# Exercise directions
The answer must consist of every line below containing "home".

# Extracted material
▼

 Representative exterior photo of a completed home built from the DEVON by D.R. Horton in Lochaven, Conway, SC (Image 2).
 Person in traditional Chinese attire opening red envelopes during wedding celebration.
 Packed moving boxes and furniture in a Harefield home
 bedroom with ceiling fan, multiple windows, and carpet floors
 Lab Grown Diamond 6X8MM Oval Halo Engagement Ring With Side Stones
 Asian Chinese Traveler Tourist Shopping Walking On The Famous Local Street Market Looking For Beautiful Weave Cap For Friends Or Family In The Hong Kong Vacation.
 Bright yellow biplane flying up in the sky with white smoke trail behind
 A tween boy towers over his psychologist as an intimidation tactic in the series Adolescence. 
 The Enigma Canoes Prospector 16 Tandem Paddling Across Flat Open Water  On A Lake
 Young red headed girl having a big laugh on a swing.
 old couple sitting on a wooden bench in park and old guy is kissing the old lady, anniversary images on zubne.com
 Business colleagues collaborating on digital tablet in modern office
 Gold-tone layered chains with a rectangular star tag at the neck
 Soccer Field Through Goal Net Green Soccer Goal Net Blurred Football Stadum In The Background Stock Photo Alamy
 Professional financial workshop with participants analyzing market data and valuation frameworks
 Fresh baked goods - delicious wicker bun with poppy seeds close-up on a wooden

▲

# Worked solution
 Representative exterior photo of a completed home built from the DEVON by D.R. Horton in Lochaven, Conway, SC (Image 2).
 Packed moving boxes and furniture in a Harefield home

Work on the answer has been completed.